Paul von Beckendorff von Hindenburg (1847-1934), président de la République de Weimar pendant dix ans, porte la responsabilité d'avoir appelé Hitler au pouvoir.

Élevé dans le culte de la grandeur et de la toute-puissance de l'Allemagne, pur produit de la caste des Junkers, les grands propriétaires terriens de la Prusse, farouchement protestant et méprisant les catholiques et les Autrichiens après leur défaite de Sadowa en 1866, il est divinement tiré de sa retraite au déclenchement de la Grande guerre et entre dans l'histoire à l'âge de 67 ans.

Dès août 1914, Il a la chance de s'approprier la victoire de Tannenberg contre les Russes, dont les plans ont été conçus par son adjoint Luddendorf et il devient le héros national qui a effacé le désastre de 1410 devant les Chevaliers teutoniques. Devenu généralissime de l'armée allemande en 1916, il se brouillera avec la plupart des autres chefs militaires et commet deux erreurs majeures : il impose la guerre sous-marine à outrance et refuse toute paix de compromis.

Devenu après la guerre le héros de la Droite, il est le chantre de la fiction du « coup de poignard dans le dos » qui exonère l'armée de la défaite. Hindenburg a ensuite constamment abusé de son image - comparée à celle de Bismarck - pour exercer le commandement suprême et surtout s'immiscer dans les affaires politiques, quitte à desservir les institutions et les personnes qu'il révérait pourtant le plus, rompant avec ses amis les plus proches et plaçant l'empereur Guillaume dans des impasses et le poussant à l'exil.

Sollicité pour se présenter à l'élection présidentielle désormais élue au suffrage universel, il est élu en 1925, pressentant que le président est le maillon fort du système institutionnel, une sorte d' "Ersatzkaiser", avec pouvoir de nommer le chancelier et de dissoudre le parlement et, en cas de circonstances exceptionnelles, de suspendre les libertés individuelles et de légiférer par ordonnances.
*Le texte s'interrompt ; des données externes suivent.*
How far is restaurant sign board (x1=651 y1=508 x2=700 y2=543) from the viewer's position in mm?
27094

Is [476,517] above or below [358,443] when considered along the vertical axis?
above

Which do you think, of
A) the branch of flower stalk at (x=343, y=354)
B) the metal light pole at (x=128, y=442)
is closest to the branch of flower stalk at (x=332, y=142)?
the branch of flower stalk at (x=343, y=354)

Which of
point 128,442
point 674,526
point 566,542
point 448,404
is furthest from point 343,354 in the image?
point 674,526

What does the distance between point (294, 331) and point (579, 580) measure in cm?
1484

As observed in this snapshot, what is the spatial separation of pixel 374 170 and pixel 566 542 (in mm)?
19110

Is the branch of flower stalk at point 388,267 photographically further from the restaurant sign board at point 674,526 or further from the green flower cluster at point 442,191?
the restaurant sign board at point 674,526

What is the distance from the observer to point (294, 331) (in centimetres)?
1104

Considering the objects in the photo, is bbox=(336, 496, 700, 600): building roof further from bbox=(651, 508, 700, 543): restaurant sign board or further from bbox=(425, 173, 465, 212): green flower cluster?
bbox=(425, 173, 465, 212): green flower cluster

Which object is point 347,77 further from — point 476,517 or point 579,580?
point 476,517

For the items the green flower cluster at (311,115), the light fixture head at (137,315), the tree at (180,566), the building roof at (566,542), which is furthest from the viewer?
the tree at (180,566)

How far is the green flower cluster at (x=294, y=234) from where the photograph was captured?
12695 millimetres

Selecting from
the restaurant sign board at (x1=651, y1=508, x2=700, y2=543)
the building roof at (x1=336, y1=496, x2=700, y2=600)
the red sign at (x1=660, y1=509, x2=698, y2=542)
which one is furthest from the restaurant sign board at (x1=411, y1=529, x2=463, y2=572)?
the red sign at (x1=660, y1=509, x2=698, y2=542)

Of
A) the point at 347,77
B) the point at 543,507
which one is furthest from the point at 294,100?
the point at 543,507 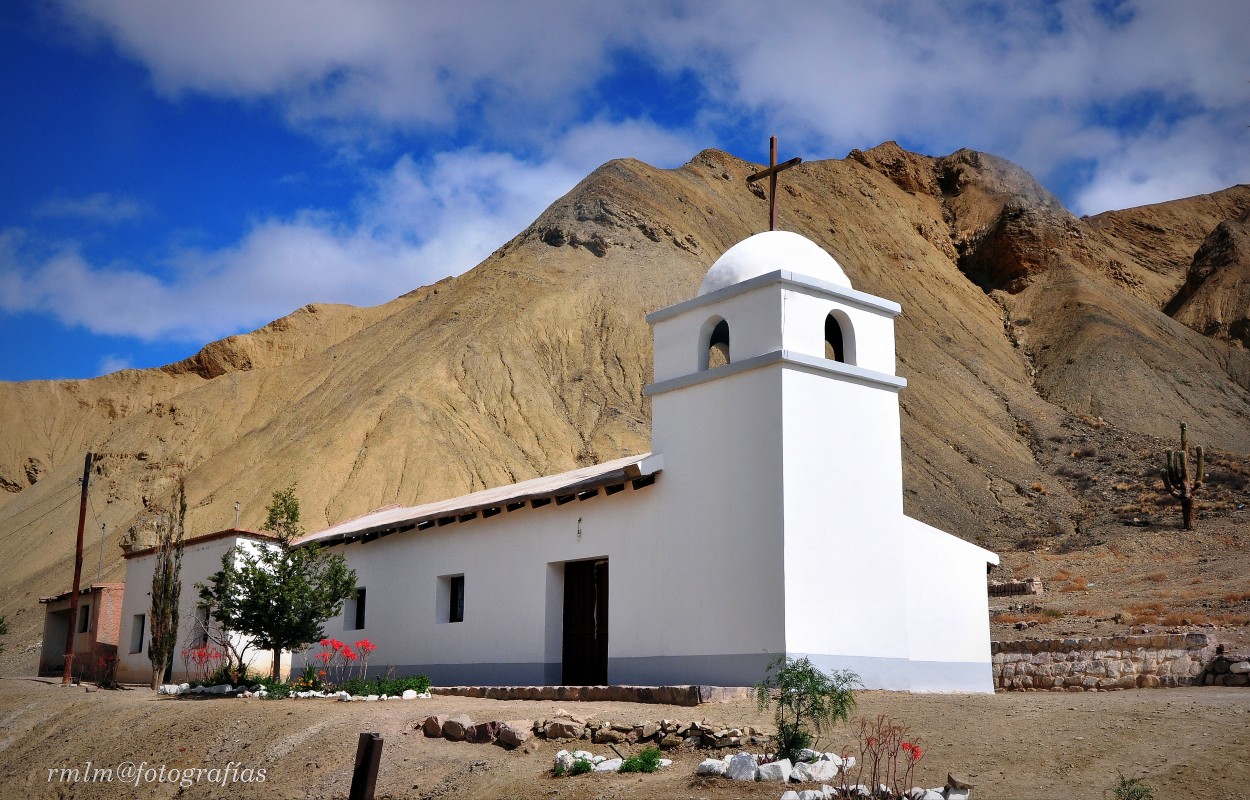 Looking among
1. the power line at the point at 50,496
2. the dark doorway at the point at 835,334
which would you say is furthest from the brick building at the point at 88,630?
the power line at the point at 50,496

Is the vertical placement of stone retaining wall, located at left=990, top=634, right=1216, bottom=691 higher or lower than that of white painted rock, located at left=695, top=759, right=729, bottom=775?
higher

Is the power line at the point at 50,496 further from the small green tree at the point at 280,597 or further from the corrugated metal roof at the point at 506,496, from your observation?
the small green tree at the point at 280,597

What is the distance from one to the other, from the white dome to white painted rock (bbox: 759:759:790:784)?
29.0ft

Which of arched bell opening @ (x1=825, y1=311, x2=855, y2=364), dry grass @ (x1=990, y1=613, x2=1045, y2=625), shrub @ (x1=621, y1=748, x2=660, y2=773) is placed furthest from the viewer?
dry grass @ (x1=990, y1=613, x2=1045, y2=625)

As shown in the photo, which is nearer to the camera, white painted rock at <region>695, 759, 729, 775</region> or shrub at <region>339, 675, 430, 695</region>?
white painted rock at <region>695, 759, 729, 775</region>

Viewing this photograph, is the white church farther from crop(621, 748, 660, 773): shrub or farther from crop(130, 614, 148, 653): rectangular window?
crop(130, 614, 148, 653): rectangular window

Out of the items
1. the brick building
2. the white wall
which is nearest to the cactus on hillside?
the white wall

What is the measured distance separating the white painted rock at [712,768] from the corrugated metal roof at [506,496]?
6786 mm

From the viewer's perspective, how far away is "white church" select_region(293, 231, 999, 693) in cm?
1463

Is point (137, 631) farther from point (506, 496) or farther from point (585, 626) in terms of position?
point (585, 626)

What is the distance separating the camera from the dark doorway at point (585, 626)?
17.0 m

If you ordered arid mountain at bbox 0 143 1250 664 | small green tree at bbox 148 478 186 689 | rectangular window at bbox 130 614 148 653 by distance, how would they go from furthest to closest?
arid mountain at bbox 0 143 1250 664, rectangular window at bbox 130 614 148 653, small green tree at bbox 148 478 186 689

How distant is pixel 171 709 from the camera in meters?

Il ne va pas s'en priver.

L'ouvrage de Jean-Paul Bled (né en 1942 et fils du célèbre couple qui nous a à tous enseigné l'orthographe), éminent spécialiste de l'histoire de l'Allemagne et de l'Europe centrale, se lit à plusieurs niveaux.
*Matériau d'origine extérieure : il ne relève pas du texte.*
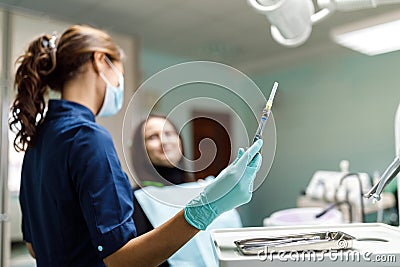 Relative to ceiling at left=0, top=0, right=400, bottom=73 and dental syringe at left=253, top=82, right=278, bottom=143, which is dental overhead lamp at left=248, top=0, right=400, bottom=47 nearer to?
dental syringe at left=253, top=82, right=278, bottom=143

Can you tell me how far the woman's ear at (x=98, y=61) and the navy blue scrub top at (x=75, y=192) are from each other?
0.36 feet

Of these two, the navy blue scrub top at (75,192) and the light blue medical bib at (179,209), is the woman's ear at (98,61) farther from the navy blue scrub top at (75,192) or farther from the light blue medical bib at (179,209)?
the light blue medical bib at (179,209)

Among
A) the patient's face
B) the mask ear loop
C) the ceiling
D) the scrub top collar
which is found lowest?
the patient's face

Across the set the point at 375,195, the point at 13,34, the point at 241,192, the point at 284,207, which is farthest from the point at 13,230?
the point at 284,207

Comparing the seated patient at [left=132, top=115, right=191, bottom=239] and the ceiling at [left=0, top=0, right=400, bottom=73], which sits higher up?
the ceiling at [left=0, top=0, right=400, bottom=73]

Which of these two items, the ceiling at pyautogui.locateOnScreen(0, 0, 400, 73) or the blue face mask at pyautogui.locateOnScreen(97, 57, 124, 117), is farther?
the ceiling at pyautogui.locateOnScreen(0, 0, 400, 73)

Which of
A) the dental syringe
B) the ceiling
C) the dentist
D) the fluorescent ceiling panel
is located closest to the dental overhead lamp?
the dental syringe

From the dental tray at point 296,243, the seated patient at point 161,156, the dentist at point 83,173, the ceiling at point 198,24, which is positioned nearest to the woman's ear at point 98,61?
A: the dentist at point 83,173

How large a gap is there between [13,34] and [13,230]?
3.78ft

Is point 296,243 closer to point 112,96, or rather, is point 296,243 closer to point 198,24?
point 112,96

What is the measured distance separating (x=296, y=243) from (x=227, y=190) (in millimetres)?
153

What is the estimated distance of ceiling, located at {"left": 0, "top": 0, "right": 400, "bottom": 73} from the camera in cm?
253

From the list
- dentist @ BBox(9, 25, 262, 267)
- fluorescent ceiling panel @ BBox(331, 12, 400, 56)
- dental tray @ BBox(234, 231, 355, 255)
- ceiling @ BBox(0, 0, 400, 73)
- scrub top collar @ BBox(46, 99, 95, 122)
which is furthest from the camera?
ceiling @ BBox(0, 0, 400, 73)

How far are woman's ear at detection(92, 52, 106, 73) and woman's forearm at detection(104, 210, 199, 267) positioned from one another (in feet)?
1.53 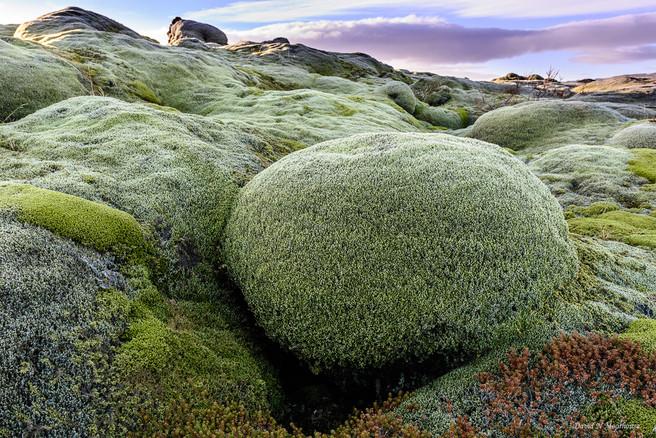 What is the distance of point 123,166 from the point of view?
31.1 ft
Il permet de comprendre l'Allemagne contemporaine et son système politique, le fonctionnement du Parlement élu selon le scrutin proportionnel qui nécessite des coalitions par nature précaires.
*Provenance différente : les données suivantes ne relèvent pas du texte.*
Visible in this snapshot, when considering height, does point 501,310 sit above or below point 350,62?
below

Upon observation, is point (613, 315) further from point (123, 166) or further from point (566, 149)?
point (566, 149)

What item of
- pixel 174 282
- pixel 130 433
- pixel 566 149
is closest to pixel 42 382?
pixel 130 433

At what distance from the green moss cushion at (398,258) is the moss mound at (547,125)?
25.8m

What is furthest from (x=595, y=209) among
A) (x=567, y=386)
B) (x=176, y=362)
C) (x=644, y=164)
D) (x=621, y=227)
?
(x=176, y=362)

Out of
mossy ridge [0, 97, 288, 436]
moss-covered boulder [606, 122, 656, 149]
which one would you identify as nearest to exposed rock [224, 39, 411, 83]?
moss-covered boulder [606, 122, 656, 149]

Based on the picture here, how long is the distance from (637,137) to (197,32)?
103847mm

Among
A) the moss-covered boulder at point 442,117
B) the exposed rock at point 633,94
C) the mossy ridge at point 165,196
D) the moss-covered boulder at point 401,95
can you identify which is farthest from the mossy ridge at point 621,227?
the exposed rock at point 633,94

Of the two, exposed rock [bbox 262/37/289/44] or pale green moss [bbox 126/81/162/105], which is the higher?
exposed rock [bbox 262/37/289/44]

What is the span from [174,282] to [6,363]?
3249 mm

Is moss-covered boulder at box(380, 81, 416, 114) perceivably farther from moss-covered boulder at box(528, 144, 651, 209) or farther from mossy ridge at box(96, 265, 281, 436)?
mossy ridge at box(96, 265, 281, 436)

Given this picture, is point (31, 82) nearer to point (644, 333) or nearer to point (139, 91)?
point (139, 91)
A l'époque des lendemains d'un conflit mondial perdu et de phénomènes révolutionnaires très graves, comment la République de Weimar, face à la crise économique venue des Etats-Unis et à la question des réparations imposées par le traité de Versailles s'est trouvée dans une impasse, le systématique grignotement des électeurs de droite par les nazis à la faveur de dissolutions successives du parlement et d'élections anticipées à la recherche d'une majorité introuvable, et enfin comment Hitler, fin tacticien, s'est emparé de tous les pouvoirs dès les premiers mois de sa nomination, par Hindenburg, au poste de Chancelier en janvier 1933.

Trois chiffres : en 1928, le NSDAP recueille 2,6% des voix, en 1930, 18,3%, en 1934 à la mort de Hindenburg, la réforme visant à fusionner les deux têtes de l'exécutif au profit d'Hitler est approuvée par référendum à 90%.

Une biographie qui se dévore comme un thriller et constitue avant tout une magistrale leçon de science politique … où l'on apprend tout ce qu'il ne faut surtout pas faire !
Lien : http://www.bigmammy.fr/archi..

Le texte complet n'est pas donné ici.